Open Source RDBMS - Seamless, Scalable, Stable and Free

한국어 | Login |Register

CUBRID Sharding with node-cubrid 2.0


In this guide we will go through the process of setting up a CUBRID SHARD environment and using the CUBRID Node.js 2.0 driver to insert and retrieve data from the shard DB nodes.

If you are not familiar with the CUBRID Node.js driver yet, check out our CUBRID Node.js Tutorials. Same goes for the CUBRID SHARD basic concepts – see CUBRID SHARD.

Setting up the CUBRID SHARD environment

The first thing we need to do is set up the CUBRID SHARD and the shard databases architecture. For simplicity we will use two shard DB nodes. 

So let’s get right to it. First, in each shard DB node we will create a database and a user account, and start the database:

  • Shard DB name: sharddb
  • Shard DB user account: shard
  • Shard DB user password: shard123

To do this, we will use the CUBRID command line tool “csql”. In each shard DB node, type the following commands:

# Creating CUBRID SHARD DB
cubrid createdb sharddb

# Creating CUBRID SHARD user account
csql -S -u dba sharddb -c "create user shard password 'shard123'"

# Starting CUBRID SHARD DB
cubrid server start sharddb

Next, we have to change the shard configurations. In the node that we choose to be the shard server we have to edit three shard configuration files located in the \CUBRID\conf directory:

  • shard.conf
  • shard_connection.txt
  • shard_key.txt

The first file, shard.conf, contains the shard broker parameters. The only thing to do here is to make sure that the following parameters are set:

SHARD_DB_NAME        = sharddb
SHARD_DB_USER        = shard
SHARD_DB_PASSWORD    = shard123

In the second file - shard_connection.txt, we will configure the network addresses of the shard DB nodes. In our setup, one node is on the same machine as the shard server, and the other one is located somewhere else in the local area network. 

# shard-id  	real-db-name  		connection-info
0           		sharddb       		localhost
1           		sharddb      		10.0.0.186

Make sure that you set the correct IP address for the second shard DB node.

The last file that we need to configure is shard_key.txt. This file configures the shard DB mapping configuration, for the shard key hash value, as follows:

  • [%shard_key]: Sets the shard key section
  • min: The minimum value range of the shard key hash results.
  • max: The maximum range of the shard key hash results.
  • shard_id: The shard identifier
[%shard_key]
#min		max		shard_id
0		127      		0
128		255     		1

This configuration means that an INSERT statement will execute on shard 0 when the shard key hash result created by default hash function is between 0 and 127, and will execute on shard 1 when the shard key hash result created by the default hash function is between 128 and 255.
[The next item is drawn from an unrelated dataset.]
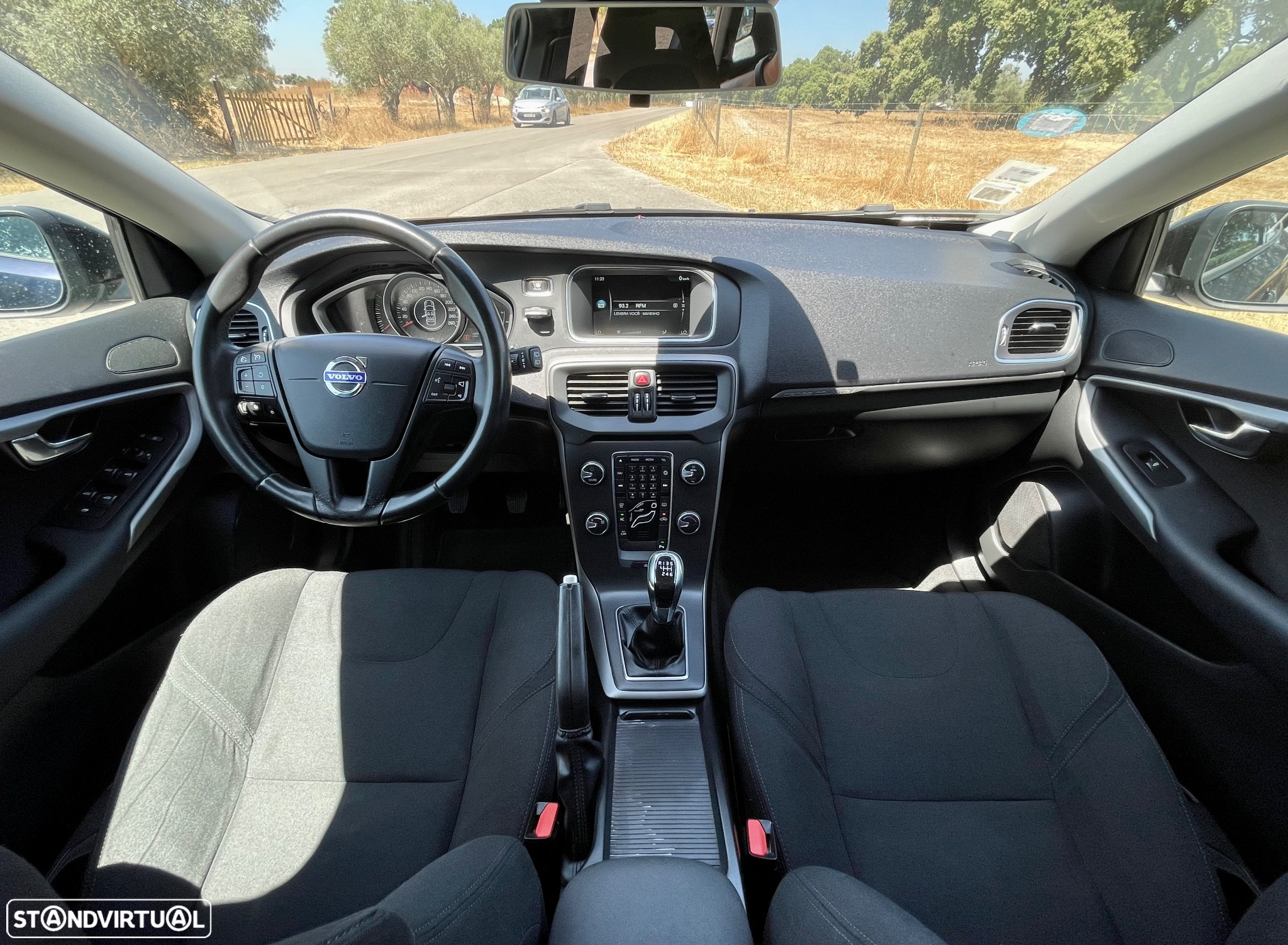 Volvo V40 Cross Country 1.6 D2 Momentum - 11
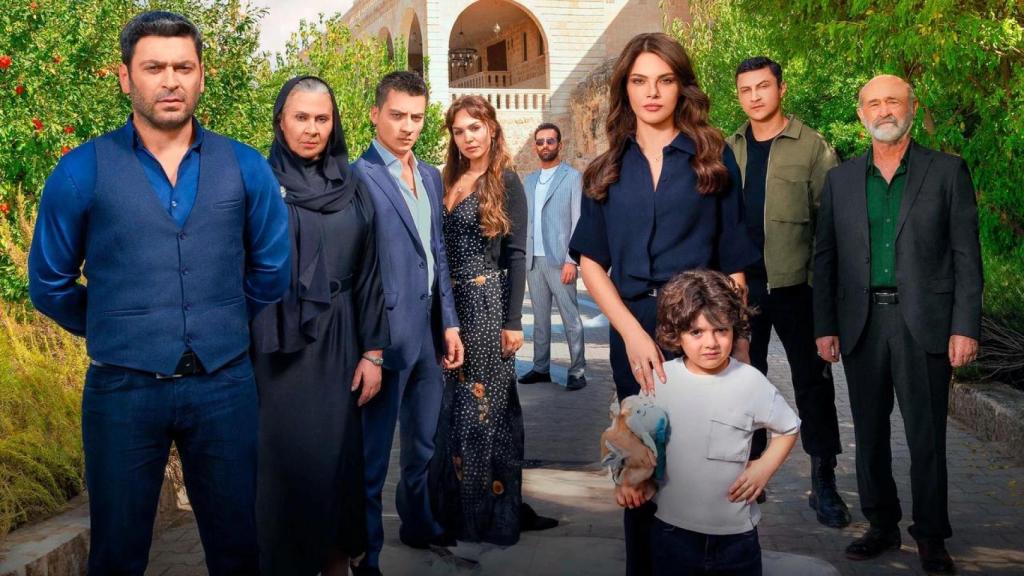 Protagonistas de 'En tierra lejana', la nueva serie de Antena 3.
We are now ready to start the CUBRID SHARD service:

cubrid shard start
@ cubrid shard start
++ cubrid shard start: success

We have one more step to complete before we can use Node.js with CUBRID SHARD – prepare our test data. 

Let’s create a table in each shard DB:
csql -C -u shard -p 'shard123' sharddb@localhost -c "create table student (s_no int, s_name varchar, s_age int, primary key(s_no))"

Using the CUBRID Node.js 2.0 driver with CUBRID SHARD

The code examples we will show in this guide use the CUBRID Node.js 2.0 driver to perform the followings operations:

  • Connect to the shard broker
  • Insert data into the shard DB nodes
  • Query the data we inserted

Inserting data:

Let’s see how to insert data into the shard DB nodes:

var CUBRID = require('node-cubrid'),
  Helpers = CUBRID.Helpers,
  ActionQueue = CUBRID.ActionQueue;

var client = CUBRID.createCUBRIDConnection('localhost', 45011, 'shard', 'shard123', 'sharddb');
ActionQueue.enqueue(
  
    function (cb) {
      client.connect(cb);
    },
    function (cb) {
      Helpers.logInfo('Connected.');
      var i = 0;
      ActionQueue.while(
        function () {
          return i < 255;
        },
        function (cb) {
          Helpers.logInfo('Executing insert number ' + i + '.');
          client.executeWithTypedParams('INSERT INTO student VALUES (/*+ shard_key */ ?,?,?)', [i, 'name_' + i, 20 + i % 8, // i % 8 to set the age of the student between 20 and 27
            'int', 'varchar', 'int', function () {
              client.commit(function () {
                i++;
                cb.call();
              });
            });
        },
        function () {
          cb.call();
        }
      );
    },
    function (cb) {
      client.close(cb);
    }
  ],
  function () {
    Helpers.logInfo('Connection closed.');
  }
);

The output is:

Connected.
Executing insert number 0.
Executing insert number 1.
Executing insert number 2.
Executing insert number 3.
(…)
Executing insert number 251.
Executing insert number 252.
Executing insert number 253.
Executing insert number 254.
Connection closed.

As you can see, there are a few differences in the above code when compared to connecting and inserting in a “normal” CUBRID database setup. The most important one is the connection port. By default, the CUBRID SHARD broker port is 45011, but you can change it in the shard.conf file.

Another key difference is in the INSERT statement that we execute. Here we have to specify the shard_key column using a shard SQL hint. It will tell the shard broker which shard DB to choose according to the setup we made in the shard_key.txt file.

Tip: For more information about shard SQL hints see Selecting a Shard DB through the Shard SQL Hint.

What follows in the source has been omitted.